I'd like to understand what's going on?
Also what would be the canonical way to define a custom expression / aggreagtion for a weighted sum that indicates that 2 arguments are needed, e.g def weighted_sum(values, weights). For this definition I am not sure about the correct type for values and weights would that be polars.Expr or polars.Series and how should I invoke this.
I am primarily interested because I want to increase readability of code that computes a weighted sum in groupby aggregations, e.g.
frame.groupby(...).agg((pl.col("value") * pl.col("weight")).sum() / pl.col("weight").sum())
which could possible be shortened to something like
frame.groupby(...).agg(pl.col("value", "weight").pipe(weighted_sum))
With the struct based aggregation I can already do
frame.groupby(...).agg(pl.struct("value", "weight").pipe(weighted_sum))
but there seems to be a performance overhead associated with it, that I would like to understand, and possibly avoid. Ideally, without having to sacrifice readability by defining complex expressions involving multiple columns as custom expressions or functions.
I think there may be some confusion between a python udf and a function which returns an expression. In the former case, if the python udf needs access to multiple values then the only way is to roll them up in a struct. In the latter case, that restriction doesn't apply because the function is just shorthand to typing the expression out.
As such you can do
def weighted_sum(value:str, weight:str) -> pl.Expr:
return (pl.col(value) * pl.col(weight)).sum() / pl.col(weight).sum()
You could make it more complex/flexible as well for instance:
def weighted_sum(value:str|pl.Expr, weight:str|pl.Expr) -> pl.Expr:
if isinstance(value, str):
value=pl.col(value)
if isinstance(weight, str):
weight=pl.col(weight)
return (value * weight).sum() / weight.sum()

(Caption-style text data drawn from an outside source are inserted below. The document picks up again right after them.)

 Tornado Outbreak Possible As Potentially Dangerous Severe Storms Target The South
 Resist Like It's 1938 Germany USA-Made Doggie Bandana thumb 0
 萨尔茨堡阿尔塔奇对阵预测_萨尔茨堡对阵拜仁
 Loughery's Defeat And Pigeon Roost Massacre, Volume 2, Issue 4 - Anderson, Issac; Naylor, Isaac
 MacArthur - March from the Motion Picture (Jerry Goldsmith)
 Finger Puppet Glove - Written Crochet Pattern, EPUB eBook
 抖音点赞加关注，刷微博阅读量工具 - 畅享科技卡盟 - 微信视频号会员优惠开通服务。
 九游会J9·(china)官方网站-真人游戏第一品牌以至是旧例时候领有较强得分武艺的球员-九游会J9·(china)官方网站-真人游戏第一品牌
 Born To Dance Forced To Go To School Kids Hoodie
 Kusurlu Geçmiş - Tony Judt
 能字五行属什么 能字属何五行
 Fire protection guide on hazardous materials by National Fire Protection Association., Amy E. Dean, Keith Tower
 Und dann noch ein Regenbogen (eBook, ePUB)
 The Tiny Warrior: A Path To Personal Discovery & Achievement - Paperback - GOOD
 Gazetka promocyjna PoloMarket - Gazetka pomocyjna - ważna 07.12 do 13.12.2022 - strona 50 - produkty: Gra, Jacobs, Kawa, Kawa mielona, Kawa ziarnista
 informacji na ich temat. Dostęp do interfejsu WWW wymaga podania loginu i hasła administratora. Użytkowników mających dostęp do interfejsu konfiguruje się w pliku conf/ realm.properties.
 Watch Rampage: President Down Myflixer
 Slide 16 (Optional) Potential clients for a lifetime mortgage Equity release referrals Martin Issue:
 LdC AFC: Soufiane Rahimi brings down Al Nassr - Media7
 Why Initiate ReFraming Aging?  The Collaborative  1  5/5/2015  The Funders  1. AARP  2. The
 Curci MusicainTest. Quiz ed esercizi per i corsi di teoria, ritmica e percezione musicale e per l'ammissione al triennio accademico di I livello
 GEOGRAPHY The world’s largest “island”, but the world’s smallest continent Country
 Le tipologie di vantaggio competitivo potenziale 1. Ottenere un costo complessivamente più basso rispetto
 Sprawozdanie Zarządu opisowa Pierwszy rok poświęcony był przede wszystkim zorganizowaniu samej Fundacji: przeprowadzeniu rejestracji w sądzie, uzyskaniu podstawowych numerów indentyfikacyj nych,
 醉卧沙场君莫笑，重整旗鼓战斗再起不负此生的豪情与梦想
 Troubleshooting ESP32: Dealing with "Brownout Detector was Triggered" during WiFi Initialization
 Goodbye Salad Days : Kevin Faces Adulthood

which would then be used like:
frame.groupby(...).agg(weighted_sum("value", "weight"))
or
frame.groupby(...).agg(weighted_sum(pl.col("value"), pl.col("weight")))
There's also some confusion on what it means to have
frame.groupby(...).agg(pl.col("value", "weight").pipe(weighted_sum))
When you put multiple column names in the pl.col then it is a short cut to doing (in this case)
frame.groupby(...).agg(pl.col("value").pipe(weighted_sum),
pl.col("weight").pipe(weighted_sum))
It doesn't have the means to know that your function wants two input parameters.